Rational Animal
- Established: 2002 (24 years ago)
- Founder: Susan Brandt
- Type: 501(c)(3) non-profit
- Focus: Animal welfare
- Location: New York City, New York, US;
- Volunteers: 60
- Website: rational-animal.org

= Rational Animal (organization) =

Rational Animal is a 501(c)(3) non-profit organization that advocates for at-risk animals, primarily in the New York City area. It was founded in 2002 by Susan Brandt.

==Projects==
- The orange Animal Guardian Ribbon started in 2003 and represents support for vulnerable animals nationwide. This was achieved in coordination with the Mayor's Alliance for New York City's Animals.
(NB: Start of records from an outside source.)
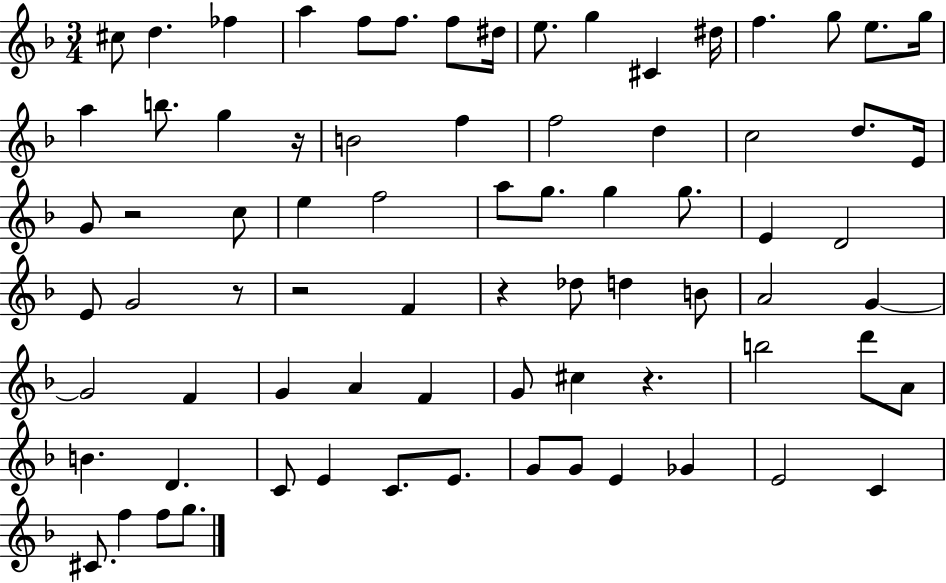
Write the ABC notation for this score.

X:1
T:Untitled
M:3/4
L:1/4
K:F
^c/2 d _f a f/2 f/2 f/2 ^d/4 e/2 g ^C ^d/4 f g/2 e/2 g/4 a b/2 g z/4 B2 f f2 d c2 d/2 E/4 G/2 z2 c/2 e f2 a/2 g/2 g g/2 E D2 E/2 G2 z/2 z2 F z _d/2 d B/2 A2 G G2 F G A F G/2 ^c z b2 d'/2 A/2 B D C/2 E C/2 E/2 G/2 G/2 E _G E2 C ^C/2 f f/2 g/2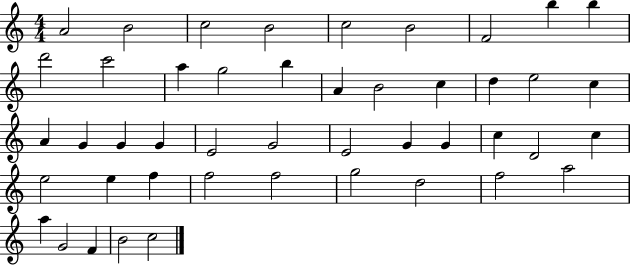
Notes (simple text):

A4/h B4/h C5/h B4/h C5/h B4/h F4/h B5/q B5/q D6/h C6/h A5/q G5/h B5/q A4/q B4/h C5/q D5/q E5/h C5/q A4/q G4/q G4/q G4/q E4/h G4/h E4/h G4/q G4/q C5/q D4/h C5/q E5/h E5/q F5/q F5/h F5/h G5/h D5/h F5/h A5/h A5/q G4/h F4/q B4/h C5/h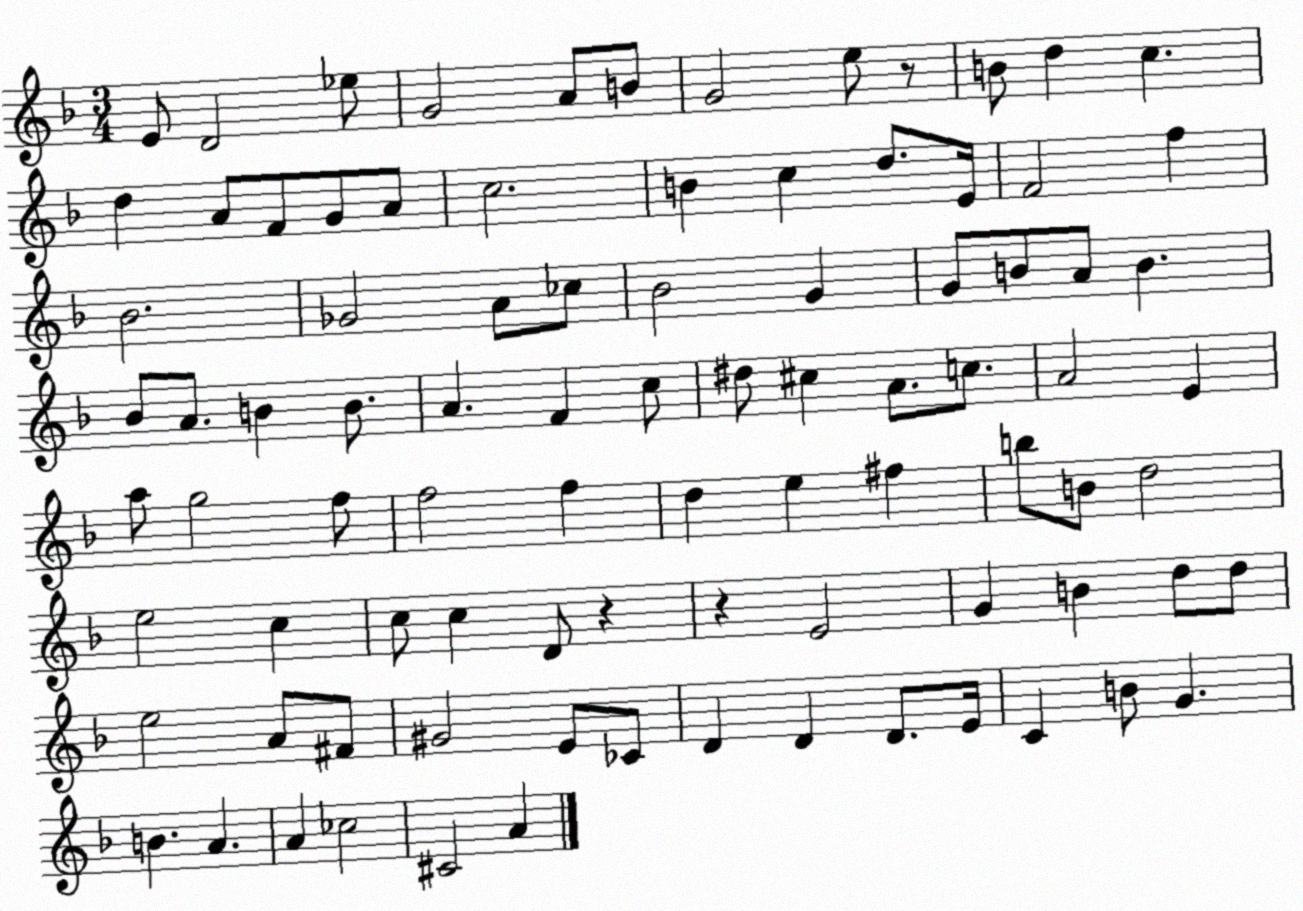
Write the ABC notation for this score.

X:1
T:Untitled
M:3/4
L:1/4
K:F
E/2 D2 _e/2 G2 A/2 B/2 G2 e/2 z/2 B/2 d c d A/2 F/2 G/2 A/2 c2 B c d/2 E/4 F2 f _B2 _G2 A/2 _c/2 _B2 G G/2 B/2 A/2 B _B/2 A/2 B B/2 A F c/2 ^d/2 ^c A/2 c/2 A2 E a/2 g2 f/2 f2 f d e ^f b/2 B/2 d2 e2 c c/2 c D/2 z z E2 G B d/2 d/2 e2 A/2 ^F/2 ^G2 E/2 _C/2 D D D/2 E/4 C B/2 G B A A _c2 ^C2 A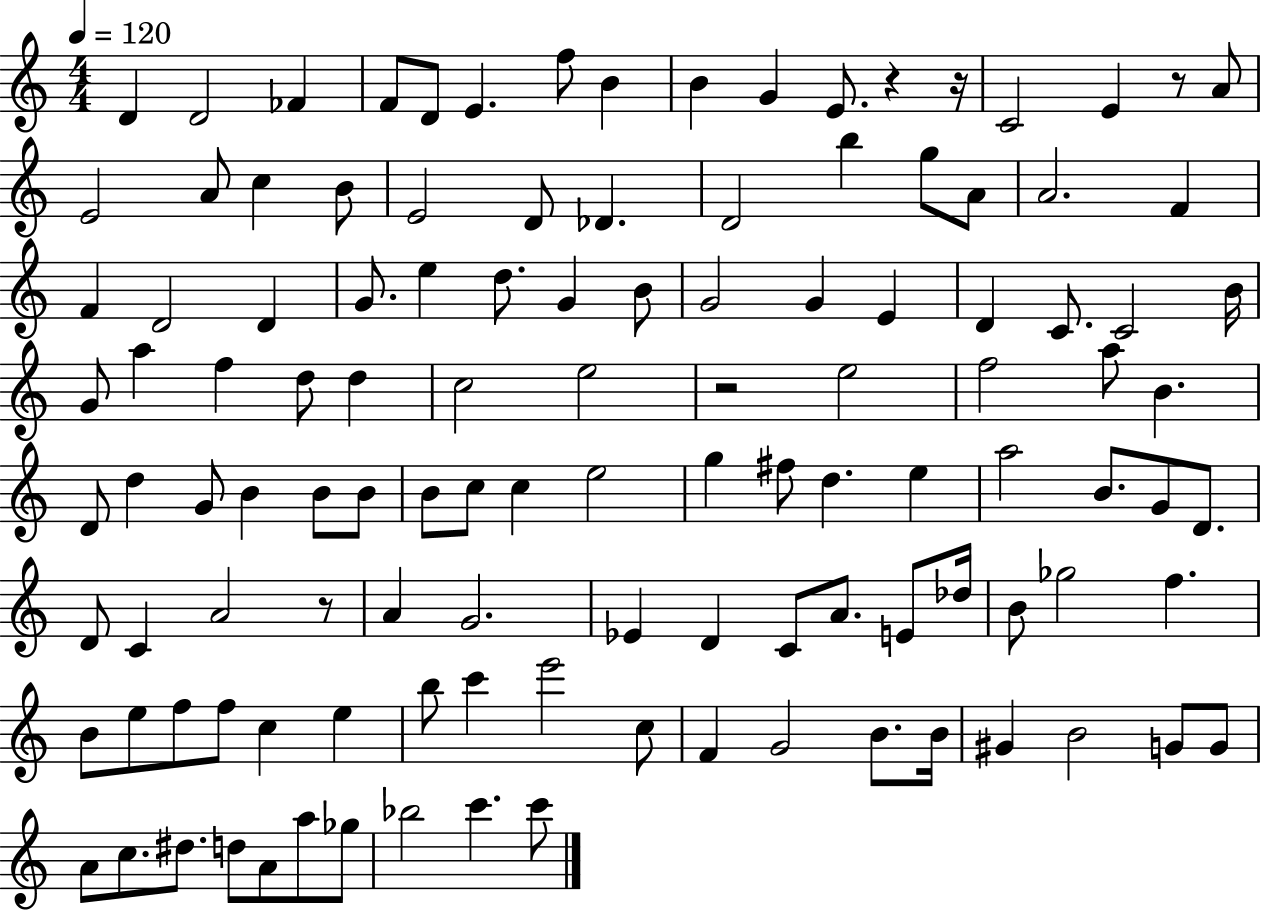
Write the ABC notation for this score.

X:1
T:Untitled
M:4/4
L:1/4
K:C
D D2 _F F/2 D/2 E f/2 B B G E/2 z z/4 C2 E z/2 A/2 E2 A/2 c B/2 E2 D/2 _D D2 b g/2 A/2 A2 F F D2 D G/2 e d/2 G B/2 G2 G E D C/2 C2 B/4 G/2 a f d/2 d c2 e2 z2 e2 f2 a/2 B D/2 d G/2 B B/2 B/2 B/2 c/2 c e2 g ^f/2 d e a2 B/2 G/2 D/2 D/2 C A2 z/2 A G2 _E D C/2 A/2 E/2 _d/4 B/2 _g2 f B/2 e/2 f/2 f/2 c e b/2 c' e'2 c/2 F G2 B/2 B/4 ^G B2 G/2 G/2 A/2 c/2 ^d/2 d/2 A/2 a/2 _g/2 _b2 c' c'/2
- Gingerbread Homes for Animals, first held in 2004, is a yearly education and fundraising event aimed at increasing awareness of at-risk animals.
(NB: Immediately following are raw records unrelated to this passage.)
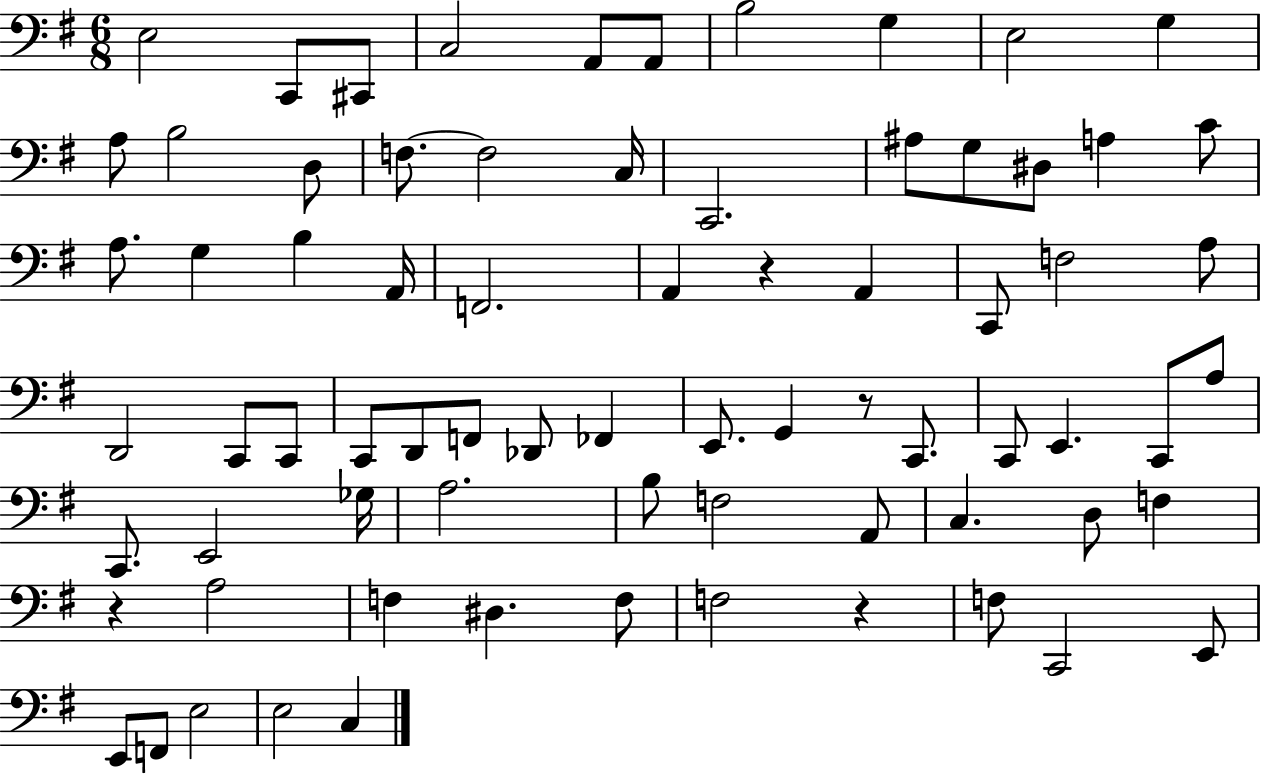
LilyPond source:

{
  \clef bass
  \numericTimeSignature
  \time 6/8
  \key g \major
  e2 c,8 cis,8 | c2 a,8 a,8 | b2 g4 | e2 g4 | \break a8 b2 d8 | f8.~~ f2 c16 | c,2. | ais8 g8 dis8 a4 c'8 | \break a8. g4 b4 a,16 | f,2. | a,4 r4 a,4 | c,8 f2 a8 | \break d,2 c,8 c,8 | c,8 d,8 f,8 des,8 fes,4 | e,8. g,4 r8 c,8. | c,8 e,4. c,8 a8 | \break c,8. e,2 ges16 | a2. | b8 f2 a,8 | c4. d8 f4 | \break r4 a2 | f4 dis4. f8 | f2 r4 | f8 c,2 e,8 | \break e,8 f,8 e2 | e2 c4 | \bar "|."
}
- Gimme Shelter: Rock & Rescue NYC is an annual fundraising concert that began in 2006 and benefits animal rescue and no-kill shelters.
- "Trails to Tails" is a map of New York City highlighting various animal-friendly locations such as adoption shelters and dog parks. The project began in 2004 and was released to the public in 2010, with funding from the ASPCA, the Pedigree Foundation, and New York Tails Magazine.